By Maya Boeye, AI Researcher & Analyst - DiligentIQ
DiligentIQ's new Agent Mode is our latest step in making Large Language Models (LLMs) work better for you. The Agent Mode feature adds an intelligent decision-making layer to query processing. At its core, Agent Mode acts as an intermediary, refining user queries and determining the most effective path for information retrieval and analysis.
When activated, Agent Mode executes a two-step process:
This dynamic approach chooses between local document analysis and web-based information retrieval. To implement this, we utilize Langgraph, a library developed by the creators of Langchain. Langgraph provides a flexible framework for defining each step in query processing as individual nodes, such as query rewriting and retrieval, within a graph. Importantly, not all nodes are executed in every interaction. At certain points in the graph, we ask the LLM to determine the course of action, which then dictates the path taken. While this branching decision is currently the sole decision point, the framework allows for future expansion, enabling additional decision nodes to be added as we continue refining and enhancing the Agent Mode feature.
In September 2024, I, along with AI Researchers Lila Karl and Michael Van Demark, conducted a comprehensive evaluation of the Agent Mode feature's effectiveness during the query rewrite step. This study involved testing 30 prompts with Agent Mode activated and the same 30 prompts without the feature activated, across three advanced language models: ChatGPT-4 Omni (August), ChatGPT-4 Omni (May), and Claude V3.5 Sonnet.
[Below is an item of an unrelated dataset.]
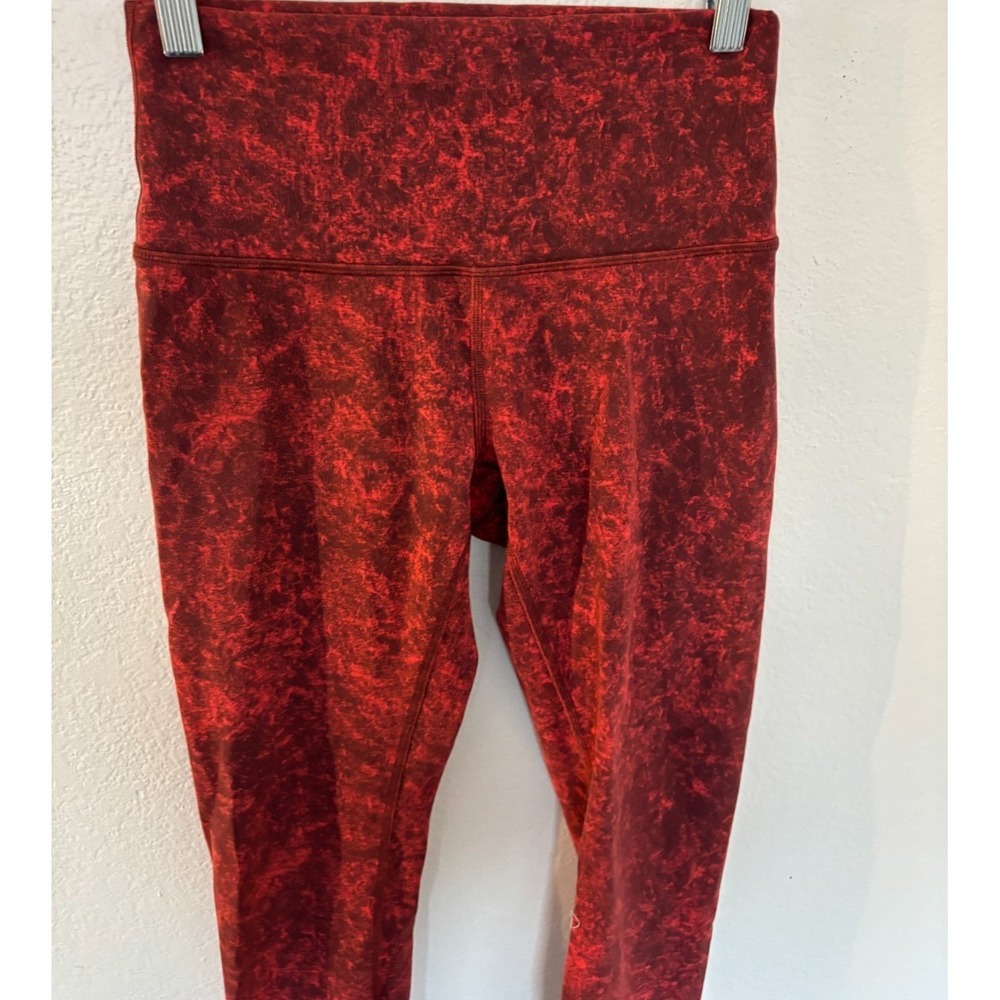 Lululemon Leggings Autumn Red Black 6 Wunder Train High Rise Gym Workout Marbled - Picture 12 of 16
The queries tested were chosen because they require only standard RAG on Deal documents, allowing us to assess whether the agent would unnecessarily opt for web searching or scraping when the provided deal documents were sufficient. As anticipated, the agent consistently chose the standard RAG approach, demonstrating its ability to make correct decisions in query processing. Our test results and complete statistical analysis can be found in this Agent Mode Testing Report.
Performance Comparison: Agent Mode On vs. Off
Following the validation of Agent Mode's decision-making, we compared the models' response quality with and without Agent Mode to measure its impact on performance. The responses were rated on accuracy, problem solving, relevance, and sourcing. The findings varied slightly by model, but the overarching takeaway was clear: the introduction of this new decision-making layer did not harm overall performance.
These results demonstrate that even with an additional layer of query rephrasing and decision-making, the accuracy and relevance of responses remained stable across all models tested. Agent Mode was able to identify the correct path and refine the user query without negatively impacting the models' overall ability to return valuable information.
General LLM Performance Insights
Beyond the impact of the Agent Mode feature, our testing provided valuable insights into the general performance of these cutting-edge language models. ChatGPT-4 Omni August consistently demonstrated superior performance across most metrics when operating without Agent Mode on. It excelled particularly in accuracy and sourcing capabilities. The May version of ChatGPT-4 Omni, while slightly behind its August successor, still showed strong overall performance, especially in terms of relevance to user queries.
Claude V3.5 Sonnet presented a unique and diverse performance profile during testing. While the ChatGPT-4 models excelled in accuracy and sourcing, Claude V3.5 Sonnet showcased impressive strengths in other areas. Claude V3.5 Sonnet exhibited higher usage of problem-solving capabilities and a propensity for generating additional insights beyond the provided information. This suggests that Claude V3.5 Sonnet could be particularly valuable for tasks that require creative thinking or complex reasoning. For more information regarding each model’s performance, check out our full report linked above!
The introduction of Agent Mode represents an advancement in how AI processes and responds to queries. By incorporating a two-step decision-making process, powered by tools like Langgraph, we’ve created a more flexible system that dynamically chooses the best path for each task. Our testing revealed that the models maintained their strong performance, with no statistically significant drops in accuracy, sourcing, relevance, or problem solving when this new feature was activated. This recent study demonstrates that Agent Mode successfully interprets and rephrases queries while selecting the appropriate path for each task, all without diminishing the precision of the models’ output.
Moving forward, Agent Mode is poised to balance innovation and reliability, allowing for future growth and more intelligent AI interactions. With the flexibility to expand decision nodes and the continued refinement of the underlying technology, we are confident that Agent Mode will be a critical tool in pushing AI boundaries, without sacrificing performance or precision.